Jumat, 13 Desember 2019


Yant Sorghum, Sabet Penghargaan Agribiz Challenge 2019

26 Agu 2019, 17:25 WIBEditor : Yulianto

Penghargaan untuk Yant Shorgum | Sumber Foto:AYO Indonesia

Agribiz Challenge diharapkan dapat menjadi sarana peningkatan animo hingga kapabilitas pebisnis muda pertanian di Indonesia. Mengingat makin rendahnya minat generasi muda terhadap pengembangan sektor pertanian khususnya melalui pendekatan aspek bisni

TABLOIDSINARTANI.COM, Jakarta---AYO Indonesia (Agribusiness Youth Organization Indonesia) bekerja sama dengan PIKIR Institute, menginisiasi penyelenggaraan Agribiz Challenge 2019 sebagai upaya menumbuh-kembangkan pebisnis muda di sektor agribisnis yang memiliki solusi teknologi, untuk optimalisasi potensi serta peluang industri secara berkelanjutan.

Setelah sukses diadakan pada 2016 lalu, Agribiz Challenge 2019 (AC19) adalah program pencarian dan penghargaan kepada kaum muda Indonesia yang memiliki teknologi tepat guna dibidang agribisnis, yang berpotensi menjadi wirausaha besar di sektor agri industri di masa depan.
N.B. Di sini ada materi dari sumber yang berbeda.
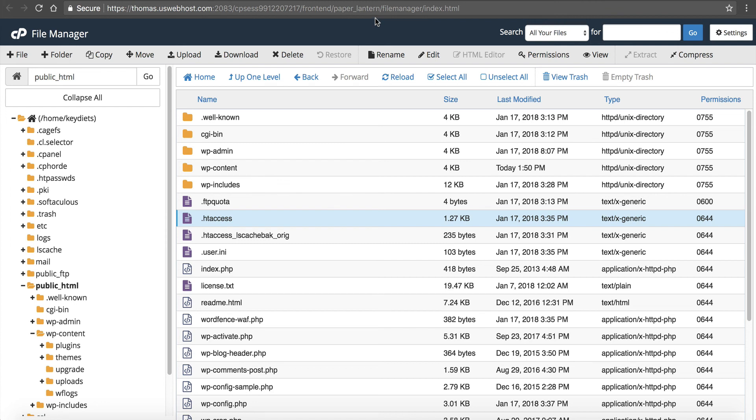But as I said, nine chances out of 10, you're going to solve it with one of the following. It's either the htaccess file, it's either your plugins need to be changed up, it's either mod security, or you need to change your PHP version or PHP upload limits. It's normally one of those things, almost always.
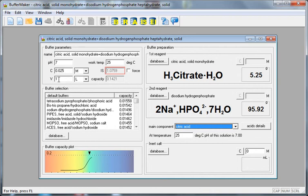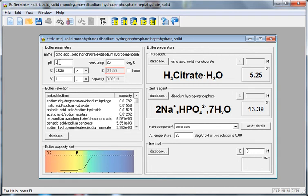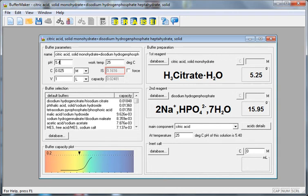Now, just entering volume, 1 liter, concentration 0.025 moles per liter, and pH, let's say 5.4, will yield a recipe here.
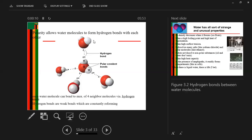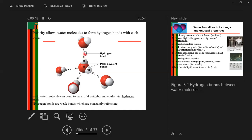Because of the polarity of water, this allows water molecules to form hydrogen bonds with each other. When you look at the diagram, you can see the hydrogen bonds — oxygen is always connected with two hydrogen atoms, and these hydrogen atoms help form hydrogen bonds with other oxygen atoms, forming a chain. Each water molecule can bond to a maximum of four neighbor molecules via hydrogen bonds, and hydrogen bonds are weak bonds which are constantly reforming.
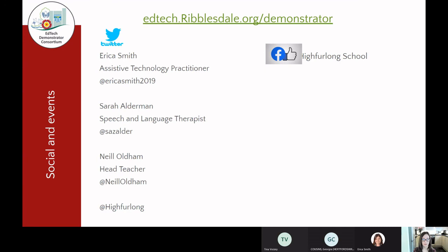Just finishing up, I thought I would give you our Twitter links in case you want to follow us. We've got Erica who introduced me today — Erica Smith 2019, then there's me at Saz Alder, our headteacher Neil Oldham, and our school at High Furlong. We tend to tweet about communication and assistive technology and we like to connect with other people, so please feel free to follow us.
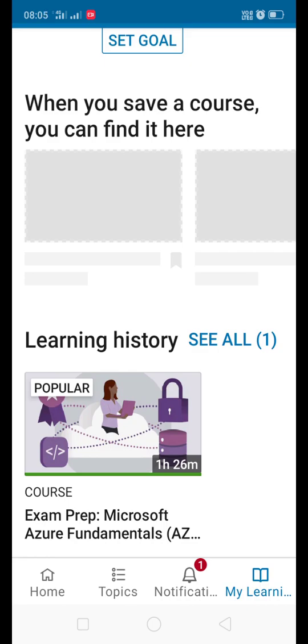Hope you understand how to activate free LinkedIn account provided by Microsoft upskilling program. Thanks for watching, that's all for now.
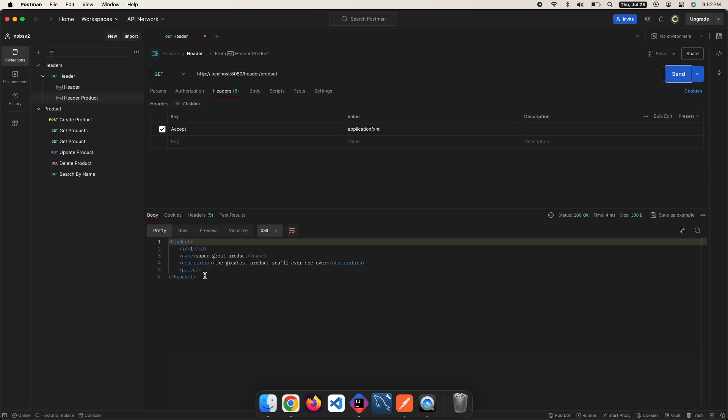And you might have to click this dropdown to change the type to XML. Okay, that's all I have for you. Thank you for watching. Please like and subscribe.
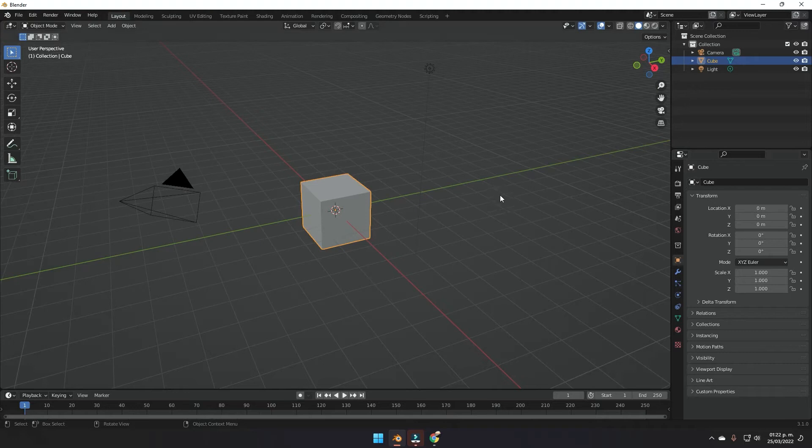Welcome to this new Blender tutorial in which we're going to learn how to make this animation we're watching on the screen, playing with geometry nodes and material properties.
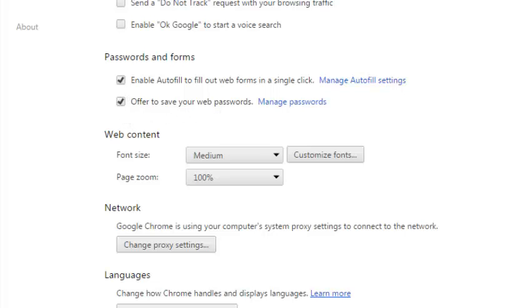When it's selected, it means every time you sign in to a new website, Google Chrome will prompt you to save the password to that website in the Google Chrome password manager.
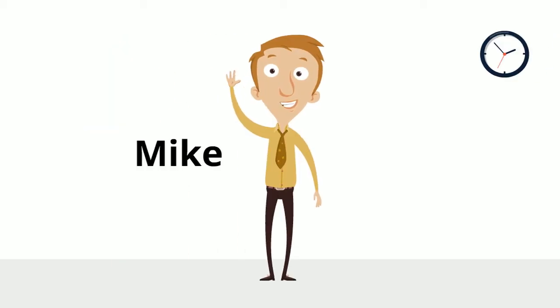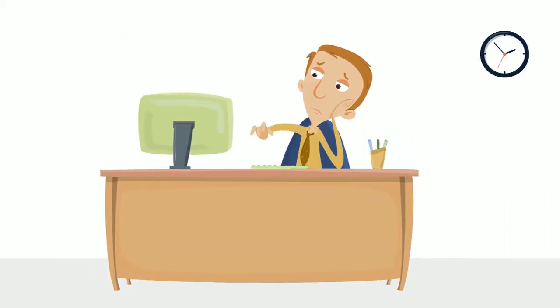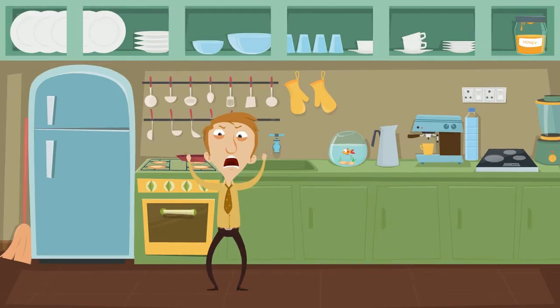Meet Mike. Mike works in a typical nine-to-five job. One evening, Mike decides to break out of this routine.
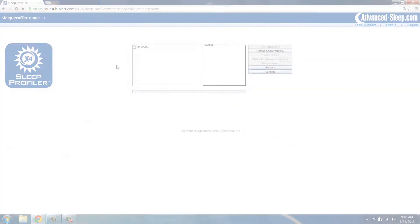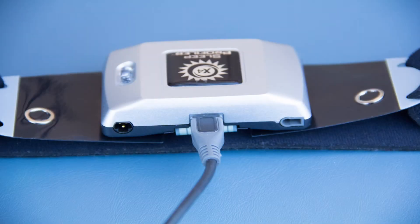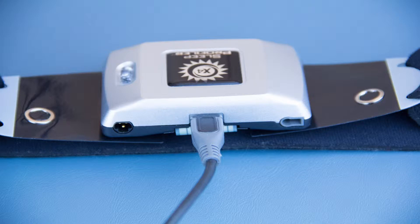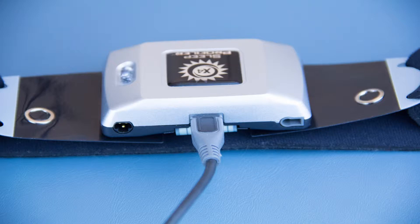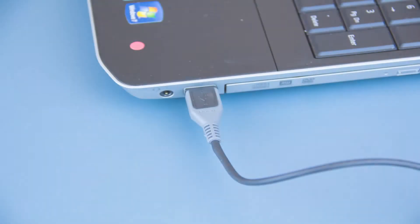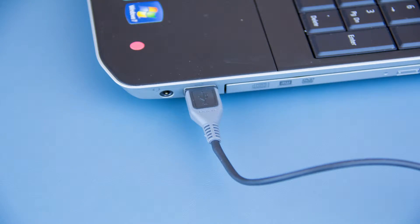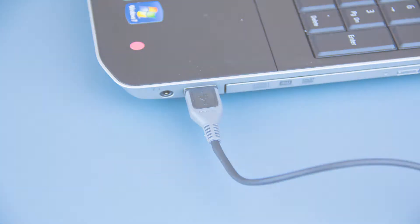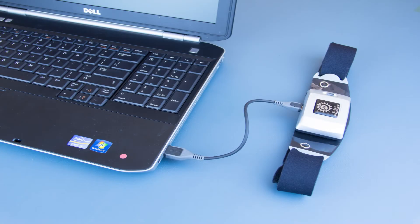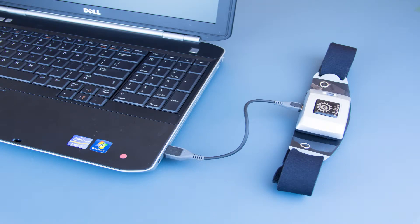Insert a micro-USB cable into the device. Do not force the cable into the connector as it may bend the connector pins and could require a repair not covered under warranty. Insert the other end of the cable into a USB connector on your computer. A voice message will indicate the device has been powered on, warning the device is charging.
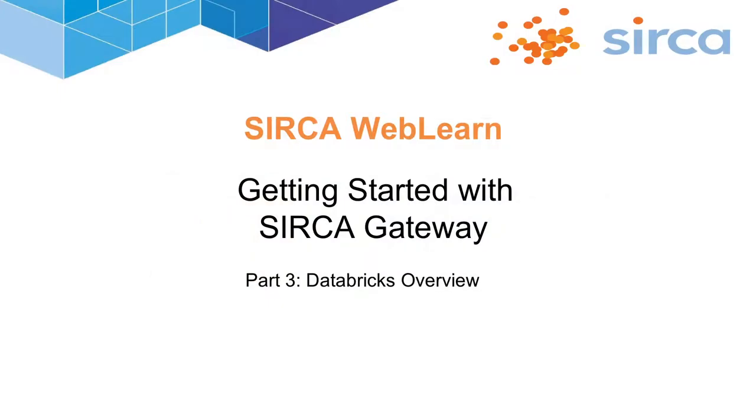Welcome to the Circa Gateway WebLearn video. In part three of our series, we will provide an introduction to the Databricks environment.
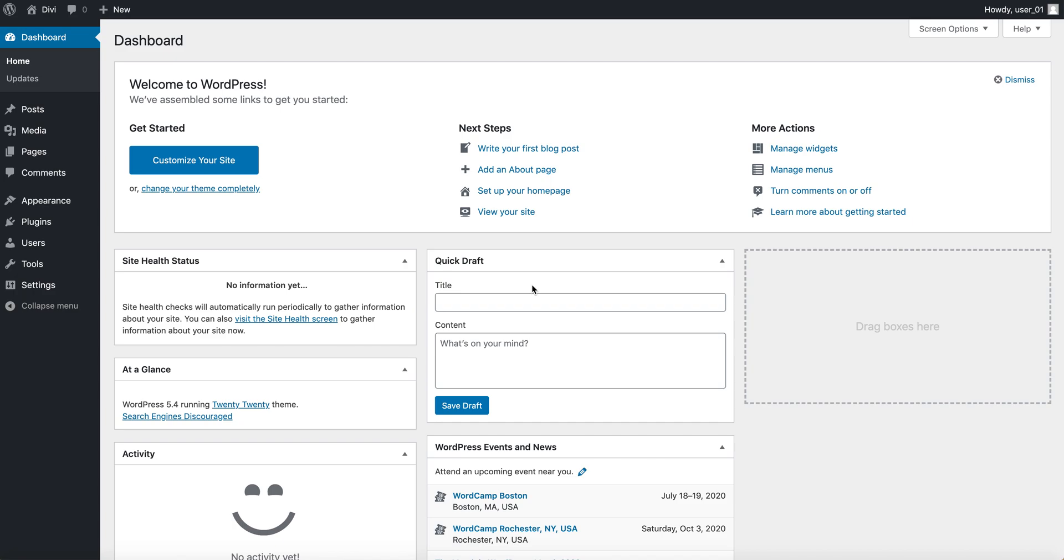All right, so today I'm going to just go over how to install Divi and also go over some of the features of this powerful theme or platform that we want to use. Let's go through the whole thing.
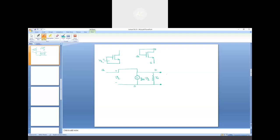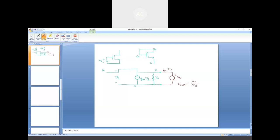To observe the resistance provided by this particular configuration, connect an external voltage source of amplitude Vx between the two terminals, and let the current drawn by the circuit be Ix. The output resistance Rout is nothing but the ratio of Vx and Ix. While doing this calculation, all independent voltage and current sources should be made inactive; the dependent source GM·V1 must be kept.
Disponsori PLN, event ini diikuti 968 peserta yang berasal dari pelbagai daerah di Indonesia. Dari mulai yang masih bersifat ide bisnis, prototipe hingga bisnis yang telah berjalan ikut beradu gagasan dalam event ini. Agribiz Challenge 2019 yang diadakan sejak Februari ini akhirnya menetapkan Yant Sorghum yang berasal dari Lombok Tengah Provinsi NTB sebagai juara Agribiz Challenge 2019. Sebuah bisnis pengolahan pangan berbahan baku dari Sorghum ini berhasil lolos menjadi pemenang dengan nilai tertinggi berdasarkan review dari dewan juri.

Aspek-aspek yang menjadi bobot penilaian antara lain karakter, aspek teknologi, dampak sosial, aspek bisnis dan terakhir potensi industri. Adapun dewan juri dalam Agribiz Challenge 2019 adalah Prof. Dr. Ir. Erizal Jamal, Kepala Pusat Perlindungan Varietas Tanaman dan Perizinan Pertanian (PVTPP) Kementerian Pertanian, Adhi S Lukman (Ketua GAPMMI) sebagai representasi dari industri, Andreas Sanjaya (Founder & CEO iGrow Asia) sebagai representasi praktisi, Kurniawan Triwidya Arief (Ketua AYO Indonesia) dan Adie Marzuki (Founder PIKIR Institute).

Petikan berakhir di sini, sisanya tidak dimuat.